Nothing outside the stretch is wanted. Repeat exactly the lines of the listing below from the one that contains "Un auténtico crack." through the one that contains "Destrucción, escombros y", both ends included.

→ Material for this exercise:
********
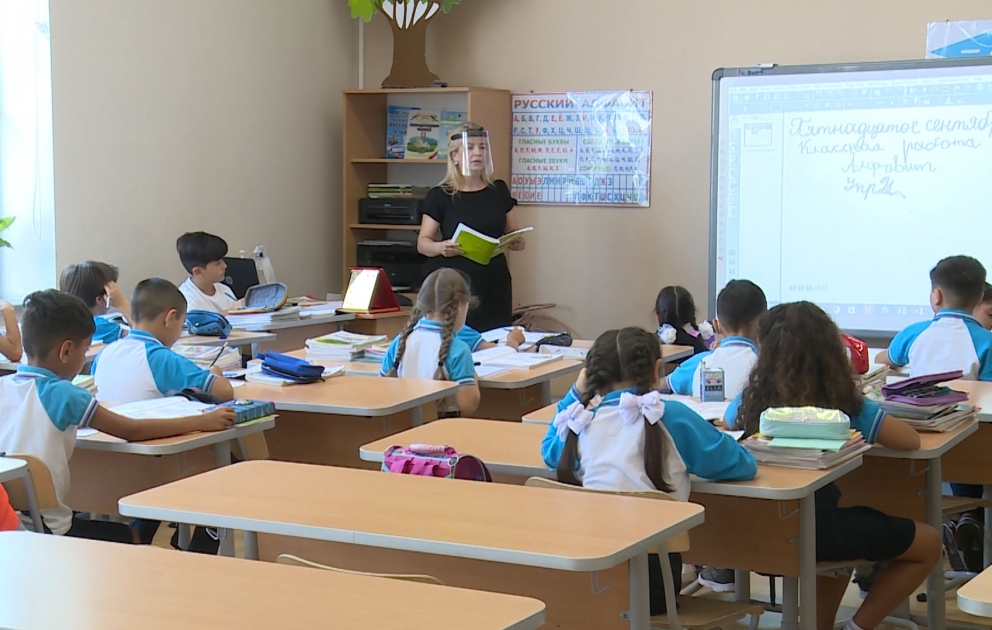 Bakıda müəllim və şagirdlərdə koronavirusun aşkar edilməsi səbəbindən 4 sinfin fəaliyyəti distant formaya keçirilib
********
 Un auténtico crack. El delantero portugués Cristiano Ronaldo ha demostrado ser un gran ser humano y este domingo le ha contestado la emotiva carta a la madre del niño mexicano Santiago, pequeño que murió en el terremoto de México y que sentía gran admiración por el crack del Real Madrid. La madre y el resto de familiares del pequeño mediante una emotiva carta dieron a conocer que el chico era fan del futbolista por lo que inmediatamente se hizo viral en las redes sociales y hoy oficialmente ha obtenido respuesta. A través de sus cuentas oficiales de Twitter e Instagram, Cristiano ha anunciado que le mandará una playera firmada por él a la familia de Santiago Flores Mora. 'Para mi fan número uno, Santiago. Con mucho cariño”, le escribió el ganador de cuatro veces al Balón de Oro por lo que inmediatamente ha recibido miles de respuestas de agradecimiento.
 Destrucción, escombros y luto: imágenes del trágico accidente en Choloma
********
→ Output of the exercise:
 Un auténtico crack. El delantero portugués Cristiano Ronaldo ha demostrado ser un gran ser humano y este domingo le ha contestado la emotiva carta a la madre del niño mexicano Santiago, pequeño que murió en el terremoto de México y que sentía gran admiración por el crack del Real Madrid. La madre y el resto de familiares del pequeño mediante una emotiva carta dieron a conocer que el chico era fan del futbolista por lo que inmediatamente se hizo viral en las redes sociales y hoy oficialmente ha obtenido respuesta. A través de sus cuentas oficiales de Twitter e Instagram, Cristiano ha anunciado que le mandará una playera firmada por él a la familia de Santiago Flores Mora. 'Para mi fan número uno, Santiago. Con mucho cariño”, le escribió el ganador de cuatro veces al Balón de Oro por lo que inmediatamente ha recibido miles de respuestas de agradecimiento.
 Destrucción, escombros y luto: imágenes del trágico accidente en Choloma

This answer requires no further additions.